Assignment
Please give back, exactly as written, the lines from the line with "SUZUKI SWIFT 2005/11 - 5" to the line with "Largest Corner plot| Open For Negotiation" in the listing below, leaving out all pictures.

Extracted records
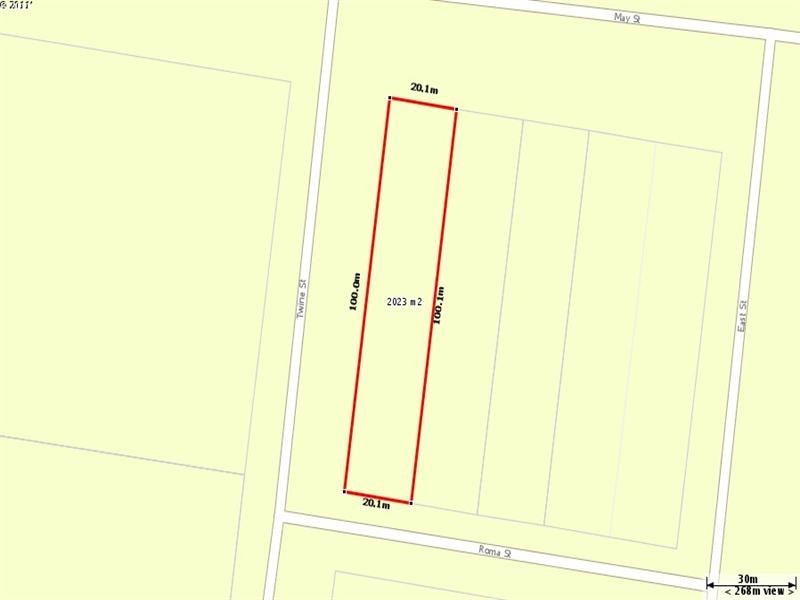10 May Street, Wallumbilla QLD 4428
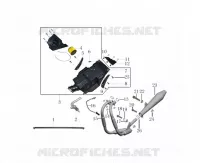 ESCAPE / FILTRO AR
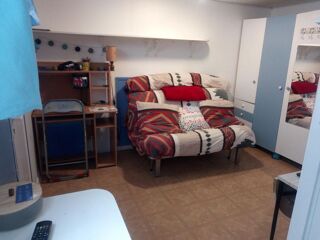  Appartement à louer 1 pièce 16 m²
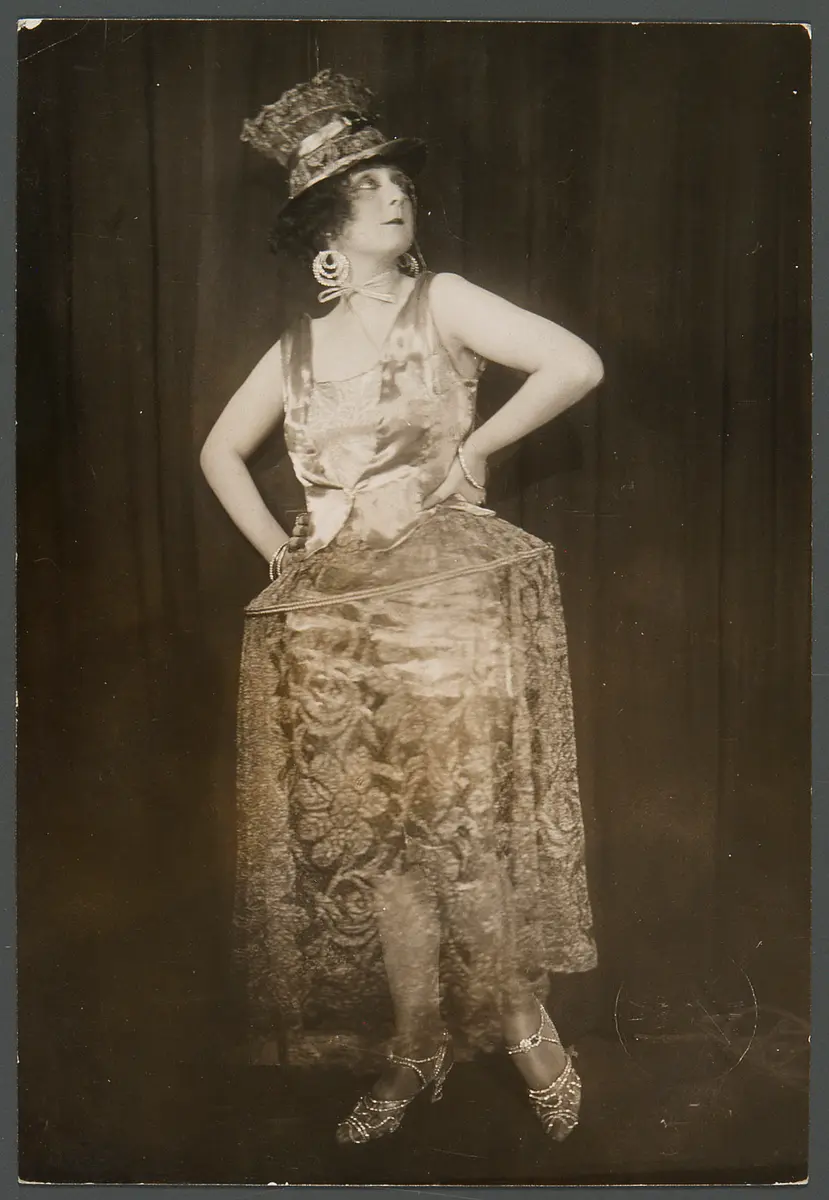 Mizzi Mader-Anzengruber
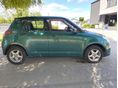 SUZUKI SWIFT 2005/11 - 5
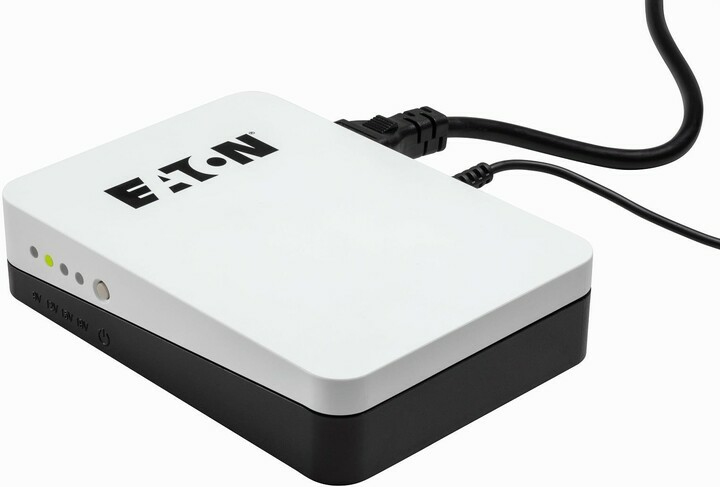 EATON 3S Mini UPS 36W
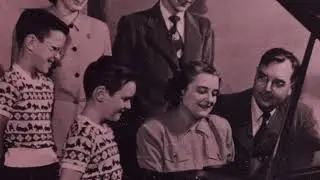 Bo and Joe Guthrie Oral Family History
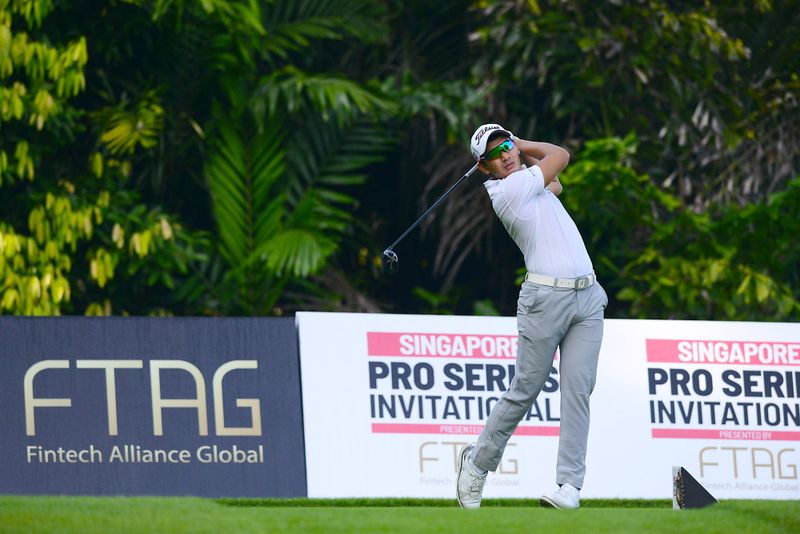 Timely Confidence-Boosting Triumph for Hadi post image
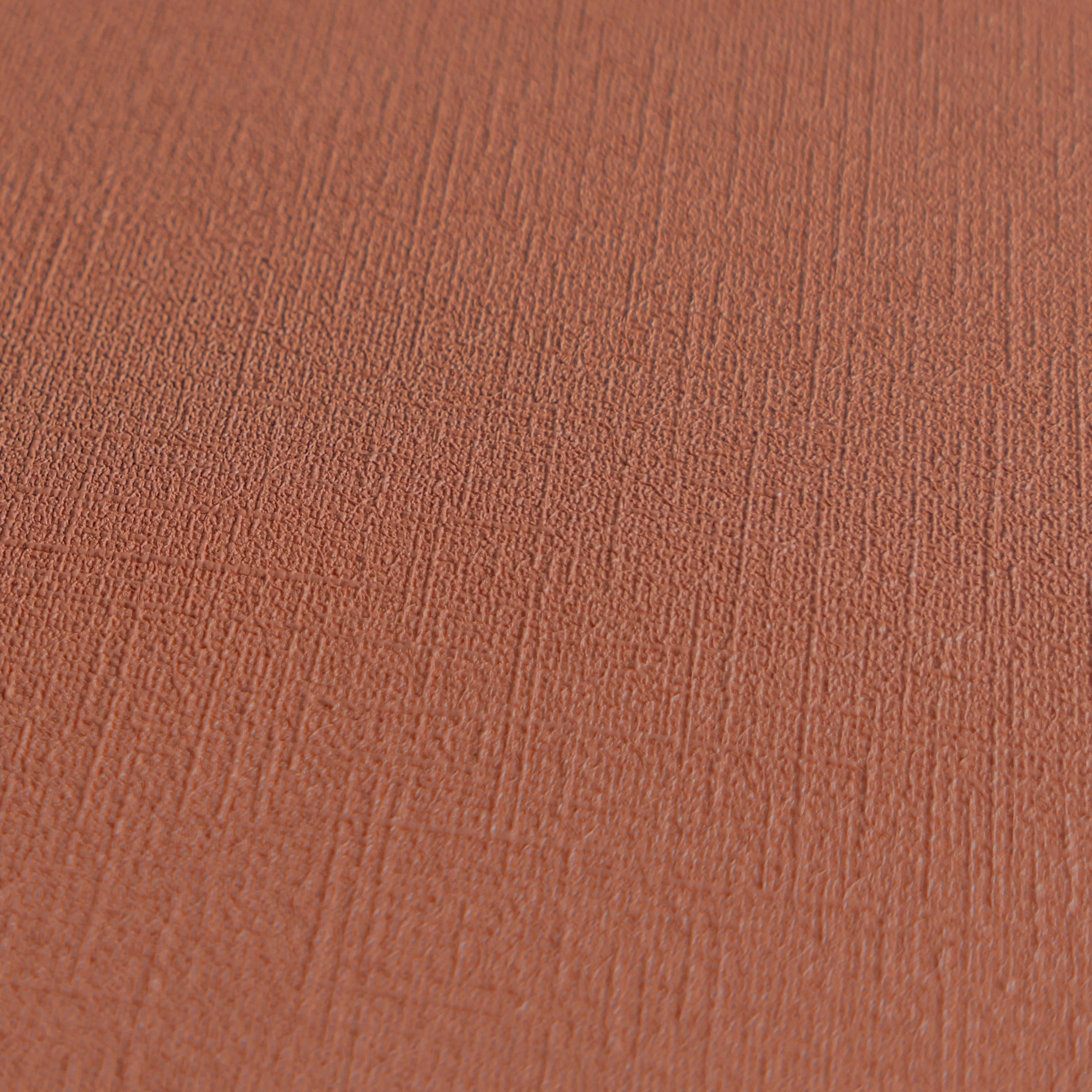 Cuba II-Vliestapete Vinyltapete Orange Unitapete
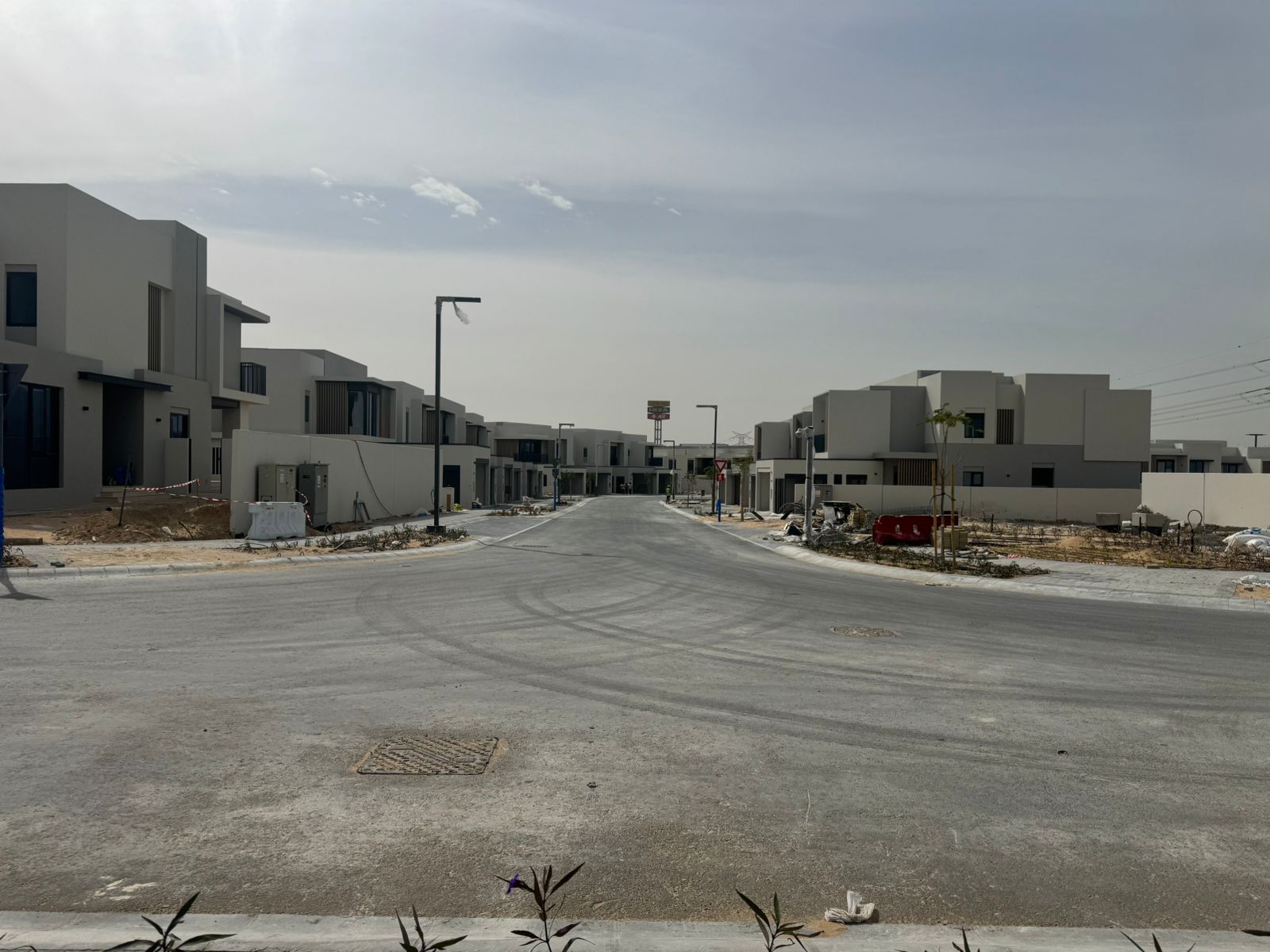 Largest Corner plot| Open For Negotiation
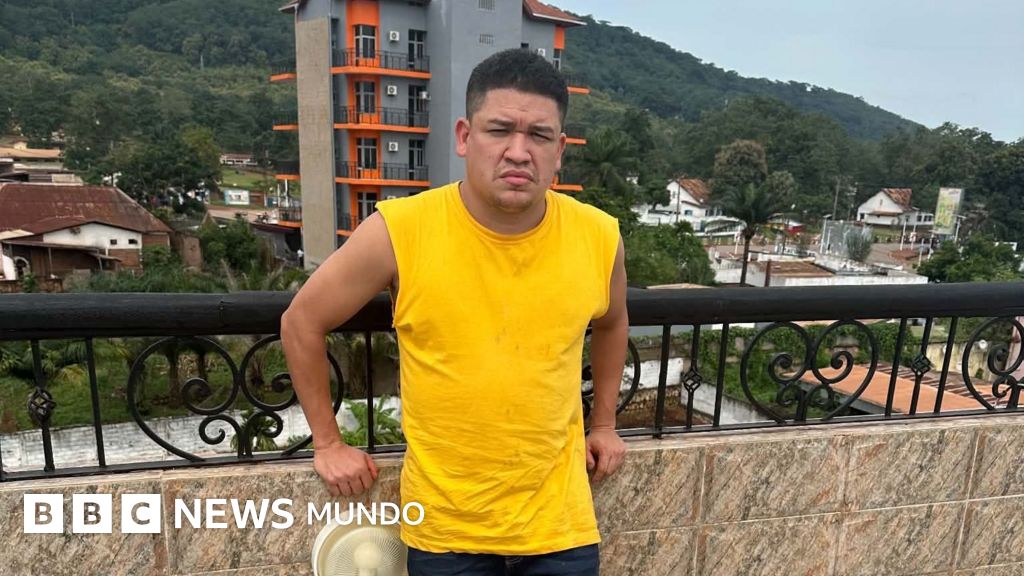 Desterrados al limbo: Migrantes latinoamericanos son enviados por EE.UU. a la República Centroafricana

Task output
 SUZUKI SWIFT 2005/11 - 5
 EATON 3S Mini UPS 36W
 Bo and Joe Guthrie Oral Family History
 Timely Confidence-Boosting Triumph for Hadi post image
 Cuba II-Vliestapete Vinyltapete Orange Unitapete
 Largest Corner plot| Open For Negotiation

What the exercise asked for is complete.